If Saul had been a little bit more clever, he would have hidden 100 archers in the rocks and the second time Goliath came out to challenge them, filled him with arrows. End of problem. Evils are always easier to take care of when you deal with them before they become habits. But then we wouldn’t have this historic lesson that reflects what actually happens in our own spiritual lives when we let evils loves and false ideas take control in our lives.

The hells are really good at identifying the times when we are at our weakest. We need to turn the tables and take the fight to them when we are ready, when we are strong, when we feel the Lord’s presence with us.

That part of our mind that is represented by Saul and the children of Israel cannot fight Goliath. We need to awaken David, that strong, confident, youthful spirit within us.

{11} When Saul and all Israel heard these words of the Philistine, they were dismayed and greatly afraid. {12} Now David was the son of that Ephrathite of Bethlehem Judah, whose name was Jesse, and who had eight sons. … {16} And the Philistine drew near and presented himself forty days, morning and evening.

Another key representative is the number 40. It rained 40 days and nights on Noah; the Lord went into the wilderness to fast for 40 days; I’m sure we can all think of others.

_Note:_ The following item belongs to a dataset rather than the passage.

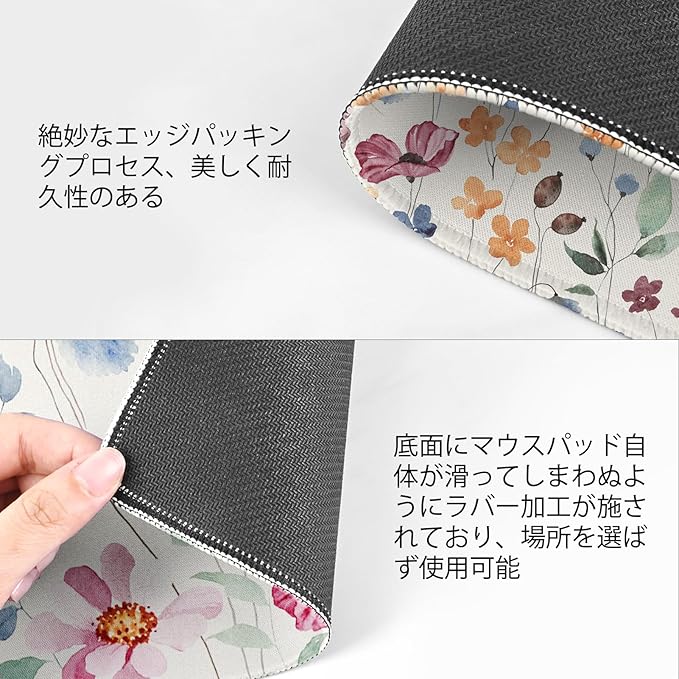 Seorsok Square Aesthetic Cute Flowers Mouse Pad,Office Home Personalized Mouse Mat Design,Waterproof Mousepad,Non-Slip Rubber Base Computer Mouse Pads for Wireless Mouse,Colorful Watercolor Floral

It always means that the subject of the story is a person’s personal battle against the evils and falsities that they find in their lives.

[David is asked by his father to take food and supplies to his older brothers, who are in Saul’s army. Being a curious lad he did not go straight to his brothers but went through the camp checking things out. He was at the front just as Goliath came out and shouted his challenge to the soldiers and his insults to their God.]

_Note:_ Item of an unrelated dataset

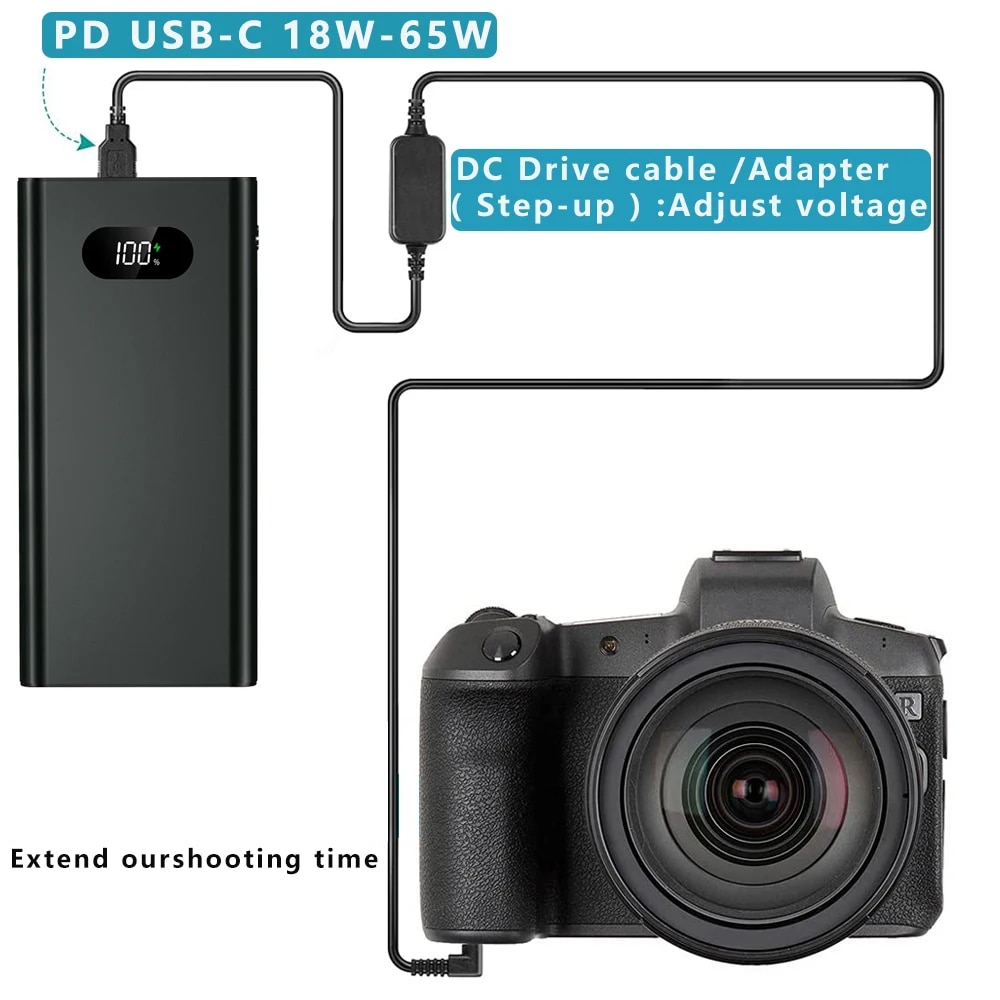LP-E12 LPE12 ACK-E12 USB TYPE-C Cable Dummy Battery DR-E12 PD Adapter for Canon EOS M2 M10 M50 M100 M200 Cameras.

{26} Then David spoke to the men who stood by him, saying, “…Who is this uncircumcised Philistine, that he should defy the armies of the living God?” ….

As said before, in general, the Philistines represent people who have truth, but do not do what they know to be good. It’s also called “faith alone.”

Goliath, who is here called “uncircumcised,” represents what happens when people who have the truth ignore it to the point that they begin to do things that they know to be evil and filthy. These filthy loves that develop out of faith alone make for a powerful, difficult to remove, spiritual state. It’s not something you just fall into by accident. This has been developed and thought about for some time.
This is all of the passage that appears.